DATA LISTING:

§

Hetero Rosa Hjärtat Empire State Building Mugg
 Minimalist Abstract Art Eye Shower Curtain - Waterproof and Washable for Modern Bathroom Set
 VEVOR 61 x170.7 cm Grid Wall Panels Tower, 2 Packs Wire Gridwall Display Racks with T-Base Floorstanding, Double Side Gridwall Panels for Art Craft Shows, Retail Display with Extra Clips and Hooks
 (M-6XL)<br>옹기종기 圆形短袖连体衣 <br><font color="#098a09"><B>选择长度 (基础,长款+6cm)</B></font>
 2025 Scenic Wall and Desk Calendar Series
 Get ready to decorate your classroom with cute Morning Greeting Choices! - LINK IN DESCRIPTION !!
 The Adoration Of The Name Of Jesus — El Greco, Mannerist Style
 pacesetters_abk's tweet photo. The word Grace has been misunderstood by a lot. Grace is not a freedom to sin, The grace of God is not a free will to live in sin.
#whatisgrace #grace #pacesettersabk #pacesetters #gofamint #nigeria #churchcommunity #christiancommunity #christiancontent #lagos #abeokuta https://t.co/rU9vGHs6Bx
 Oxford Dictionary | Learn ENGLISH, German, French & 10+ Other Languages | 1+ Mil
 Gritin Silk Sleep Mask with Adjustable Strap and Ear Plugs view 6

§

Write the listing out again, exactly as shown above.

EXERCISE SOLUTION:
Hetero Rosa Hjärtat Empire State Building Mugg
 Minimalist Abstract Art Eye Shower Curtain - Waterproof and Washable for Modern Bathroom Set
 VEVOR 61 x170.7 cm Grid Wall Panels Tower, 2 Packs Wire Gridwall Display Racks with T-Base Floorstanding, Double Side Gridwall Panels for Art Craft Shows, Retail Display with Extra Clips and Hooks
 (M-6XL)<br>옹기종기 圆形短袖连体衣 <br><font color="#098a09"><B>选择长度 (基础,长款+6cm)</B></font>
 2025 Scenic Wall and Desk Calendar Series
 Get ready to decorate your classroom with cute Morning Greeting Choices! - LINK IN DESCRIPTION !!
 The Adoration Of The Name Of Jesus — El Greco, Mannerist Style
 pacesetters_abk's tweet photo. The word Grace has been misunderstood by a lot. Grace is not a freedom to sin, The grace of God is not a free will to live in sin.
#whatisgrace #grace #pacesettersabk #pacesetters #gofamint #nigeria #churchcommunity #christiancommunity #christiancontent #lagos #abeokuta https://t.co/rU9vGHs6Bx
 Oxford Dictionary | Learn ENGLISH, German, French & 10+ Other Languages | 1+ Mil
 Gritin Silk Sleep Mask with Adjustable Strap and Ear Plugs view 6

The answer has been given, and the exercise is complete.